The collective bargaining agreement between the National Basketball Association’s owners and its players expired on June 30, causing the owners to lockout their players for the first time in more than a decade.
The NBA is the second professional American sports league to lockout this year, after the National Football League locked out its players in March when the owners and players’ union failed to reach a new labor deal before the previous deal expired.
Now, the NBA and its owners are following the same tune; according to ESPN, as with the NFL lockout, the owners of the NBA claim they’ve lost hundreds of millions of dollars under the former labor deal and want the players to take a pay cut under the new collective bargaining agreement to improve the financial health of each team.
The difference between the NBA and the NFL, however, may be that the NBA owners actually have proof of taking financial losses, and that the reason for the losses may be due to the players’ much larger portion of the financial pie.
The Denver Post cited a Forbes magazine study showing that 17 NBA teams lost money during the 2009-2010 season, the most to take a loss since 1998-1999. The NBA also locked out for part of that season, leading to more than 400 missed games for all teams. NBA commissioner David Stern told the Associated Press that a similar level of financial loss occurred this past season, especially for smaller market teams such as the Denver Nuggets or the Milwaukee Bucks.
“Players have benefited from the current system more than the teams. For them it has been a much better partnership,” Stern said. “We had a great year in terms of the appreciation of our fans for our game. It just wasn’t a profitable one for the owners, and it wasn’t one that many of the smaller market teams particularly enjoyed or felt included in.”
Stern said the owners want to make adjustments to a new collective bargaining agreement which would allow all 30 NBA franchises to make a profit, and have a fair shot at competing against one another. According to ESPN, the league had proposed a new deal that would cut the players’ portion of the association’s total revenue from 57 percent to 40 percent. The players were willing to reduce their percentage, but only to about 54 percent, which they claim would cut their salaries by a total of $500 million over the next five years. That wasn’t enough for the owners, triggering a lockout until both sides can find middle ground.

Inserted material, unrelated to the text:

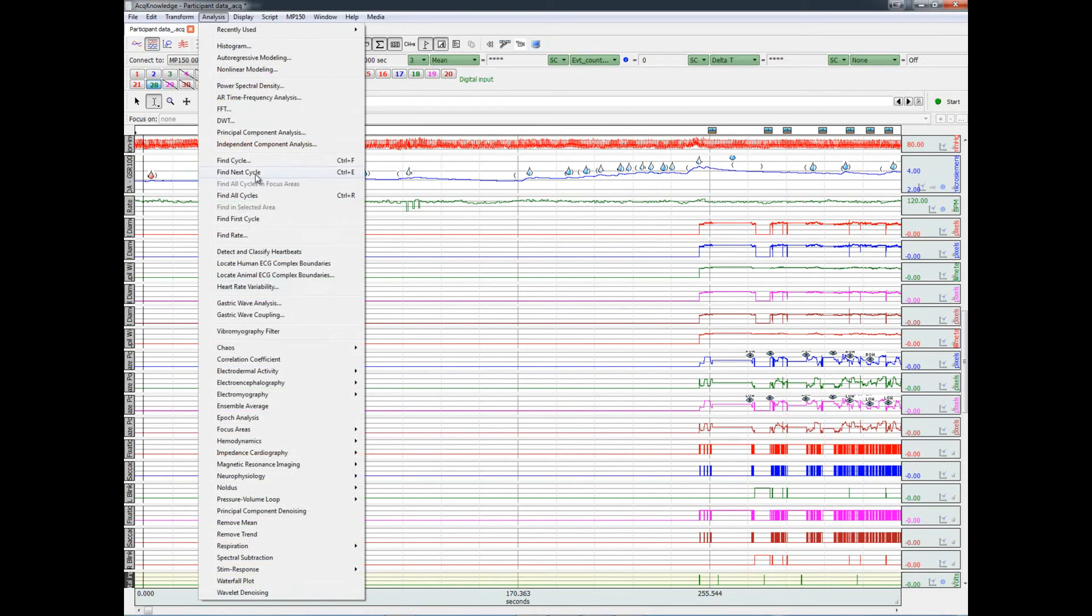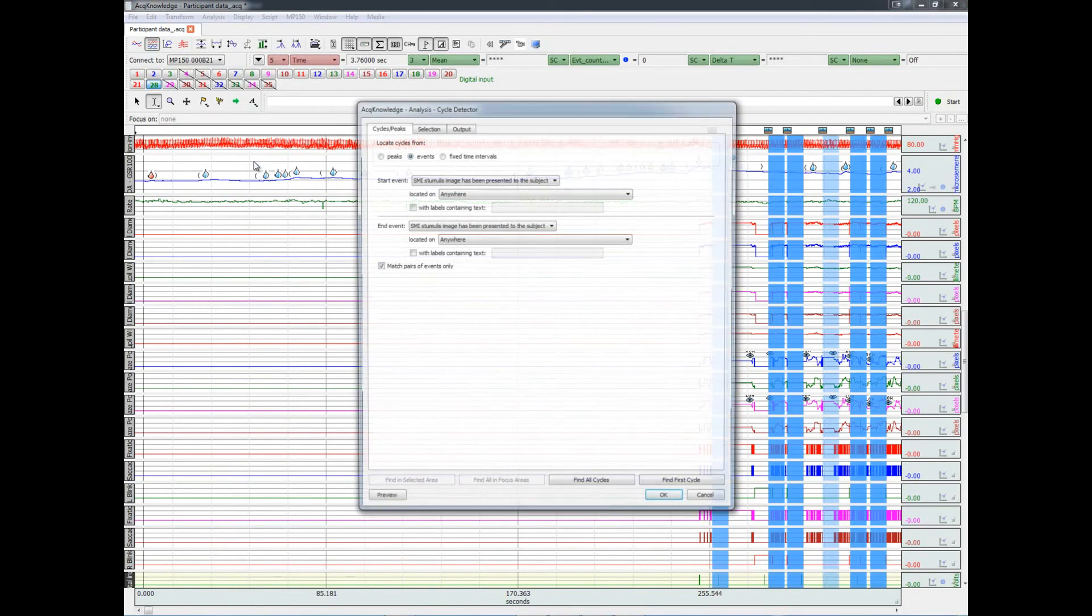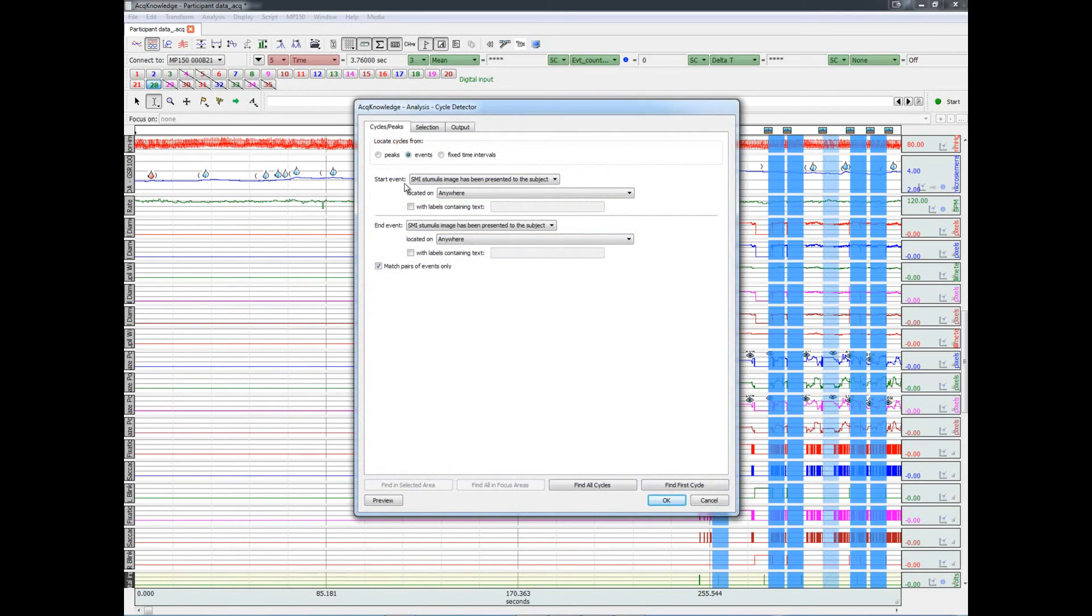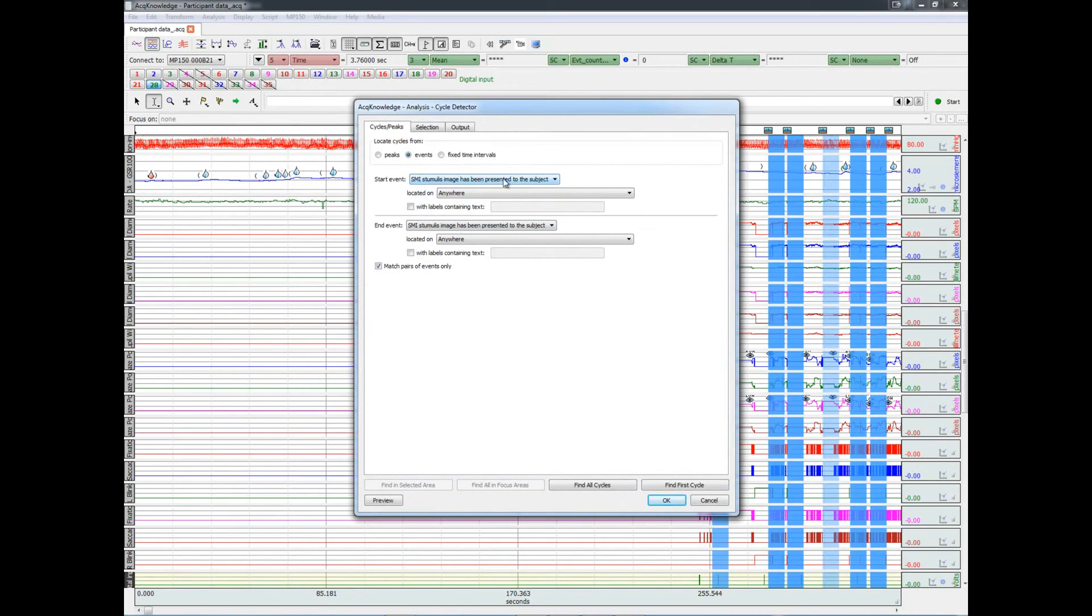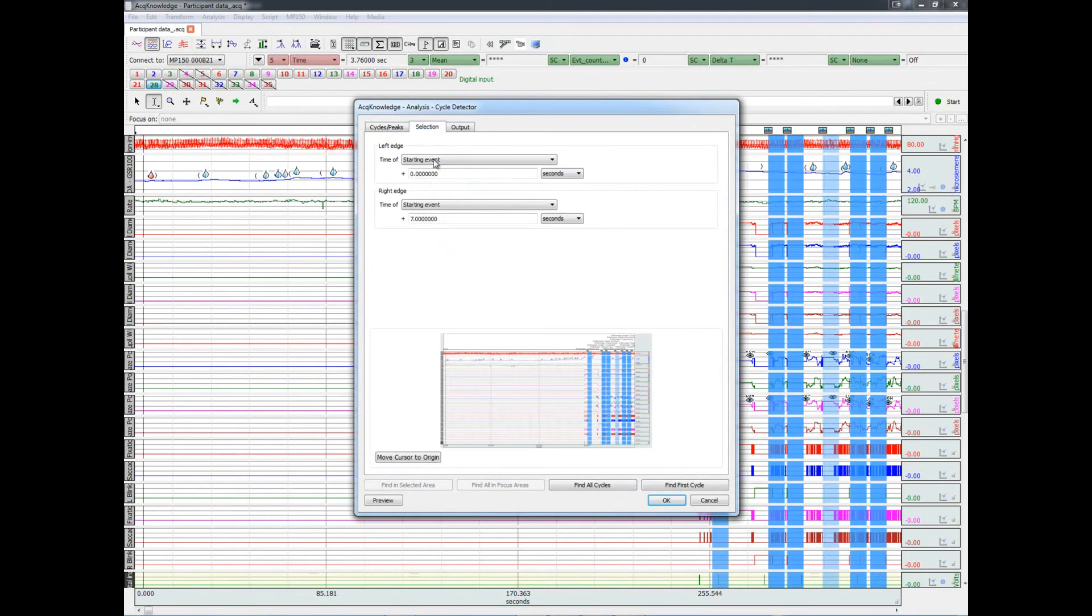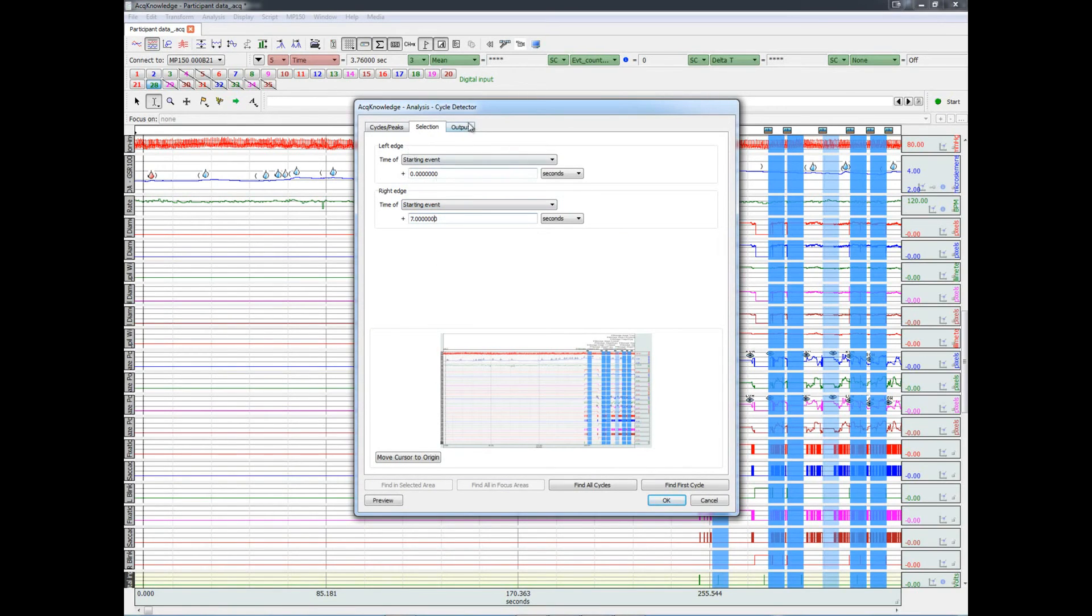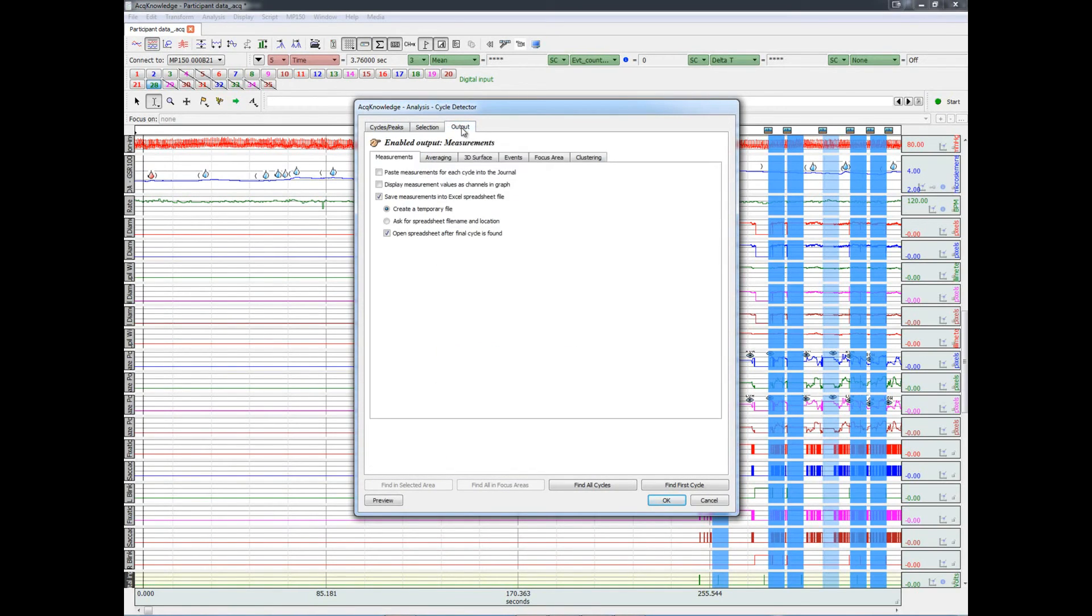We have to go to find cycle. Choose the start and end event. In this case, it would be the SMI stimulus presentations. And then we'll highlight from zero to seven seconds after the beginning of the stimulus presentation. And we'll output the results in Excel.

Unfortunately for the fans, the lockout has already affected many of the association’s summer events and activities. The NBA’s Las Vegas Summer League, created to give the younger developing players a chance to polish their craft during the offseason, has been canceled. NBA personnel are also prohibited from contacting any players during the lockout, which will delay the official opening of offseason free agency, which was scheduled to start this July.
Many of the NBA’s stars have been seen wearing shirts that say “Stand,” which Oklahoma City Thunder all-star and Washington, D.C. native Kevin Durant said symbolizes their intentions of standing together as a union and not folding under the pressure of unreasonable demands.
“We’re going to stand up for what we have to do, no matter how long it’s going to take,” Thunder star Durant told the AP. “No matter how long the lockout’s going to take, we’re going to stand up. We’re not going to give in.”
Enduring a long lockout may not be much of a financial problem for stars like Durant, who enjoy additional income from their private endorsement deals. But for the lesser-known players who earn league-minimum contracts, missing games would be a major set-back. Fortunately, both sides are willing to continue negotiating until a deal is done.
“Obviously, the clock is now running with regard to whether or not there be a loss of games,” Players’ Union chief Billy Hunter told the AP. “I’m hoping that over the next month or so that there will be sort of a softening on their side and maybe we have to soften our position as well.”